Jazz and Purgatorio Collaboration (Inversion Vibes)

Sydney Cannioto, Tommy Castronova, Thomas Gillingham, Katie Haefele, Dong Won Oh, Abigail Ritz, and Emily Zandy

At its narrative and literal levels, Toni Morrison’s Jazz reflects Dante’s Purgatorio through her use of space and directionality. Morrison introduces readers to a New York City that feels distinctly alive, with inhabitants that go in every direction, but ultimately compose one City. Morrison emphasizes the inherent liminality of characters through mapping her narrative onto jazz music; through utilizing the apparent, though purposeful, lack of structure of jazz, Morrison creates characters that are constantly making and remaking themselves and one another. Indeed, the characters of Jazz seem to be both lacking direction and going in many opposing directions at once, much like the style of music the book draws its name from. Jazz music itself is structurally unique―it is composed of a basic iteration of a melody that musicians build upon. Since musicians improvise upon a singular melody, the seemingly chaotic iterations and modifications themselves are a direction and destination. The novel Jazz alludes to the initial chaos of jazz music through the seemingly disjointed stories of its characters. This allusion functions to connect the experiences of each character in order to form a singular melody. 

Jazz is an aftermath story that flips the linear spiritual journey of Purgatorio on its head. This structure highlights Joe Trace’s spiritual fulfillment after the crime rather than leading up to the crime. This is shown through the inversion of the seven sins in Purgatory; rather ending with lust, as Purgatory does, Jazz begins with it. Morrison presents Joe as a man whose desires are limited by his relationship with Violet. Similarly, Purgatorio seems to open with a desire for freedom: “May it please you to welcome him- he goes in search of freedom, and how dear that is, the man who gives up his life for it well knows” (70-72). The similarities between Joe’s desire for freedom and the desires for freedom that open Purgatorio are presented in the beginning of Jazz, which demonstrates how Morrison is constructing Joe Trace’s spiritual fulfillment around that of a soul entering purgatory.

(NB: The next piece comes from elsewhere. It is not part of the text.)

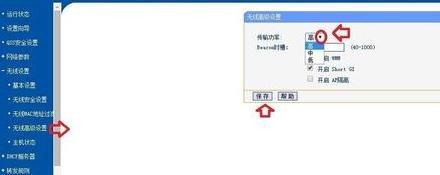 falogin.cn無法訪問,路由器是干什么用的,騰達無線路由器怎么設置,192.168.1.102,192.168.0.1手機登陸,路由器的作用是什么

Professor McCoy’s comments on utilizing backward design as a pedagogical tool during our unexpected transition to online courses reminded us of the inverted characteristics of Purgatorio and Jazz. In backward design, a class, whether a professor, a student, or anything else in between, must take into account what aspects of the course are most important and rebuild based upon these core aspects. The point is to preserve the thing which everything else is built upon. This thing for our course being collaboration. This too seems to be central to Jazz and Purgatorio. The backward design that we are utilizing in our class is the same as that inversion which is seen in Jazz and Purgatorio. The goal of this inversion is also to consider which aspects of self, of personhood, of community are most important to being, which aspects a person should be rebuilding from in order to reach freedom.